A Book of American Martyrs

That is a blessing of bad dreams, they are quickly forgotten.

While Edna Mae slept in our bed, with opened mouth, and damp hoarse breath, but less agitation than before, I felt my own agitation gradually subside; and a feeling of gratitude filled my heart. For it seemed to be decided, I was not meant to put my dear wife out of misery. And it was not so clear, that God did not have a special destiny for Luther Dunphy.

Quietly I switched off the light and slid beneath the covers beside the female body.

“Thank you, God. You have shown me the way as I have prayed You would.”


SOON AFTER THIS, without informing my dear wife I became a member of Operation Rescue, which I discovered through the Army of God newsletter. In all, I would attend only three meetings and at these, I would not speak. But, with the others, I would vow to lay my life on the line for Jesus.





THE LOST DAUGHTER


In January 1998 it happened. Though I saw the other vehicle turning out onto the highway I could not brake my vehicle in time.

In a lightly falling snow it happened. And the highway beginning to glaze over with a thin glittering film of ice.

This too was a turn in my soul. Jesus, forgive me!

Some distance ahead saw the pickup continuing out onto the highway through the stop sign. At the County Line Road this was, just outside town. Where I would drive sometimes, to the county landfill. It is not a much-used road and so there is no traffic light only just a stop sign. In a lightly falling snow the pickup was not so visible as it would have been in bright sunshine for the chassis was of no-color like stone worn smooth.

When you are driving on the state highway north of Muskegee Falls the speed limit is fifty-five miles an hour. There are few traffic lights.

So suddenly this happened, the pickup in the farthest-right lane.

Always there is a refusal to see what your eyes are seeing, when it is a terrible sight. When another has dared to behave so willfully and in violation of the law. For this was what’s called a rolling stop and it is in violation of the law.

Returning home from a morning of Saturday chores, and less than a mile from home. And in my distracted state—(for there is much to think about when your workhours have been cut back by one-third and in a family of five children of whom one has been diagnosed with a neurological condition)—seeming to hesitate for just a moment, a fraction of a moment, thinking—No. You are not going to push out onto the highway. Not in front of me.

It is not like me, to think in such a way. Except sometimes behind the wheel of my vehicle when others seek to cut me off or take advantage. And even then, when turning at a light, a left-turn for instance, it is (usually) my custom to allow the driver in the opposite lane to turn first, out of friendliness; for a young minister who was much admired, in Toledo, had behaved in such a way, in imitation of Jesus, and had made an impression upon me. Also it is rare for me to speed on any road, for “anger management” has taught me to master such aggressiveness, as it is called, on the road as elsewhere.

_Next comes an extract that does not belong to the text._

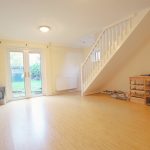 Bright living room with stairs and garden view.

Turning the other cheek as Jesus bade us is just good sound advice, we were told. The person who is hurt by anger, is you.

But it seemed, the pickup at County Line Road had scarcely slowed its speed before continuing out into the busy highway. Whoever was at the wheel of the vehicle could see how traffic in the farthest-right lane was speeding toward him and could gauge (it is to be supposed) that there was (probably) not sufficient time for him to turn onto the highway and increase his speed to prevent a collision, yet boldly he proceeded just the same.

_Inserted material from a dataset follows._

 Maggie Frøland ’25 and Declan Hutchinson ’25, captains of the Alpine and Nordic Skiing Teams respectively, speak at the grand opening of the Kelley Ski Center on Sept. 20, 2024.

He would be a young man, I guessed. A teenager.

Possibly a man of my age. But not a woman, and not an elderly man.

From somewhere close by came a terrible sound of a horn, or horns. And even as my foot leapt to the brake, to press down hard, it was too late to avoid a collision with the vehicle directly in front of me, that was traveling at a speed more or less identical to my own, but now was being braked by its driver, to avoid hitting the pickup in the lane ahead; and without thinking, for there was no time to think, I turned the wheel of my vehicle sharply to the left, and pressed down the brake pedal even as the tires were skidding on the ice-film. Within seconds there was a three-vehicle collision even as—(as we would afterward learn)—the pickup continued on the highway, in the right lane, speeding away without (it seemed) a backward glance; and the guilty driver never apprehended.